La conjura de los gilipollas

por Rafael Balanzá

En realidad no sé si se trata de una conjura o más bien de una epidemia. Y en todo caso habría que plantear antes otra cuestión: si realmente está ocurriendo, ¿cómo podríamos detectarlo? ¿Cómo podríamos saber que nos estamos volviendo estúpidos, necios…, es decir, talking in silver, gilipollas? No, no va de broma. La cosa es epistemológicamente muy seria. Voy a preguntarlo otra vez, pero con más formalidad. Quedaría así, más o menos: ¿cómo podemos comparar el nivel general de inteligencia de una época con el de la precedente? Claro que para plantearnos esto deberíamos dilucidar antes si es realmente posible medir la inteligencia. Los primeros test de psicometría articulados en función del cociente (no coeficiente) intelectual fueron propuestos por William Stern, hace más de un siglo. Las versiones actuales, derivadas del modelo de Wechsler, son fiables, sin duda, en relación con capacidades específicas que todos asociamos al poder de la mente: facilidad para las matemáticas, para el pensamiento abstracto o en el área del lenguaje. La última cualidad invitada al club ha sido la creatividad, de la mano de Howard Gardner. Sin embargo, si vamos a una definición filosófica de inteligencia, la cosa se complica mucho. Me refiero a un planteamiento no teleológico; es decir, que no ponga la inteligencia en relación con una finalidad concreta, como podría ser la de componer una sinfonía, o producir una teoría sobre la materia y la gravedad que permita la fabricación de armas nucleares, o escribir Mein Kampf para arrastrar al país más culto de Europa a una guerra demencial y suicida, o diseñar un puente colgante. Hablo de una definición trascendental de inteligencia, y ahí nos encontramos con el enigma de la consciencia, que nadie sabe en realidad lo que es. Ni siquiera John Searle o el joven y brillante Markus Gabriel. Si definimos la inteligencia como la capacidad para desarrollar estrategias de adaptación y supervivencia que permitan transmitir los propios genes, Jesús de Nazaret fue un auténtico imbécil. Si la definimos como la habilidad para influir en la historia, tal vez sea el ser humano más inteligente que haya existido. Preguntad al “Asperger” Mr. Spock por la inteligencia. O al homicida y melindroso HAL 9000.  

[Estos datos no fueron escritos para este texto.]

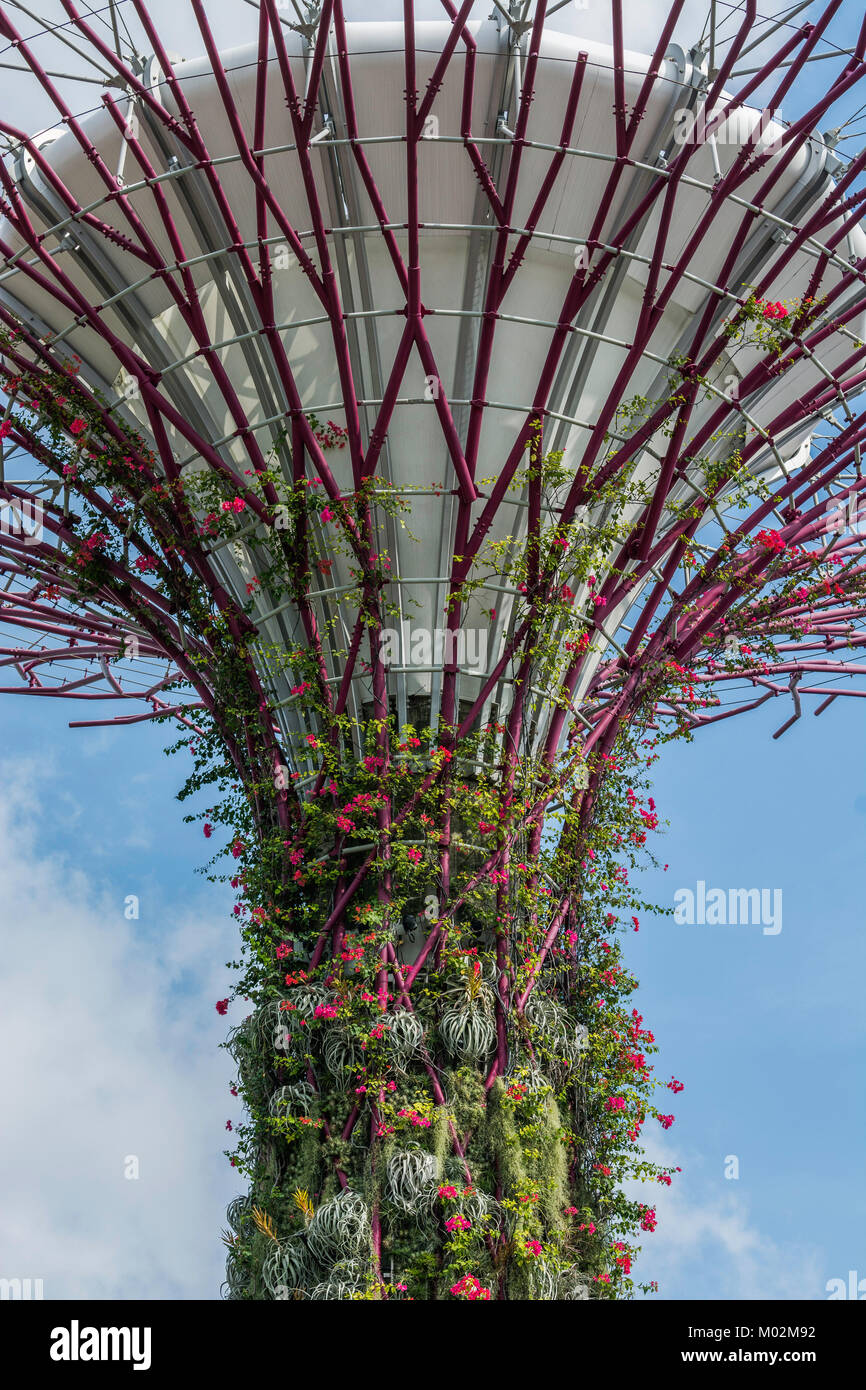 Gardens by the Bay, Marina Bay, Singapore Stockfoto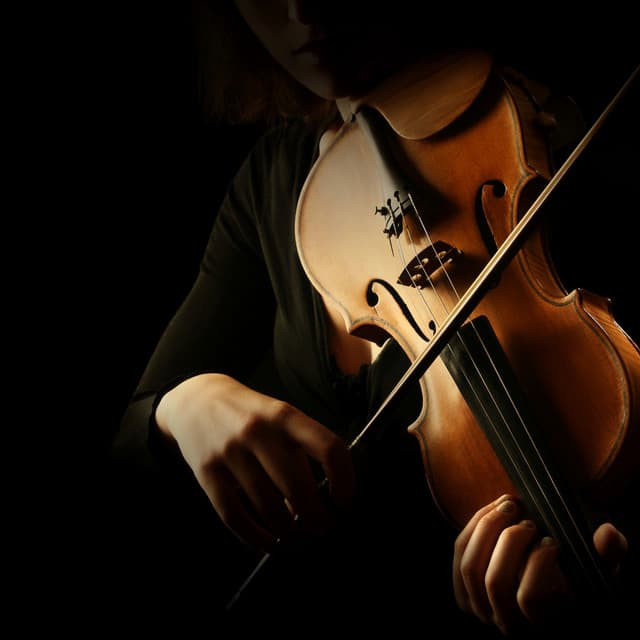 Harmonious Orchestra for a Cat’s Relaxation - Charles Anderson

La literatura se ha dedicado por siglos a dignificar a los idiotas. Aquiles es a menudo, en la Ilíada, presa de “Ate” (mezcla de ira, ceguera y estupidez). Dostoievski tituló así (El idiota) una de sus obras mayores, con un protagonista fabricado en el molde cervantino de don Quijote, al igual que el Ignatius Reilly de Kennedy Toole. Así que la cosa no es tan simple. ¿Quiénes son realmente los inteligentes y quiénes los estúpidos? Escuchad The fool on the hill de The Beatles…

Un pensamiento alarmante me obsesiona. Si nos volviéramos idiotas, pero idiotas de verdad, no nos daríamos ni cuenta; porque cuanto más idiota es uno (claro) menos consciente es de su estupidez. Quiero decir que si de pronto se desatara una epidemia de oligofrenia, de auténtica y pura imbecilidad, estaríamos condenados de antemano, porque al ser imbéciles no podríamos detectarla ni combatirla. Sería como si nos hubieran puesto a todos una vaina debajo de la cama, en plan Body Snatchers.

Estos días me he enterado de que la editorial Alfaguara (antaño un sello respetable) ha publicado un excremento elaborado por el coach literario de una nancy televisiva, y luego unos 20 mil consumidores decorticados han comprado el libro. Un líder de Podemos, con cara de seminarista rijoso, ha dicho que en Venezuela la gente vive mejor que en Shangri-Lá. Y el líder Airgam-Boy de la derecha, tras llamar golpista al legítimo presidente de su país, se declara moderado. Después de una crisis internacional agravada aquí por un modelo basado en el turismo y la construcción, volvemos a apostar por el turismo y la construcción. Y VOX creciendo. Pregunto de nuevo: ¿Cómo podríamos saberlo si nos estuviéramos volviendo gilipollas?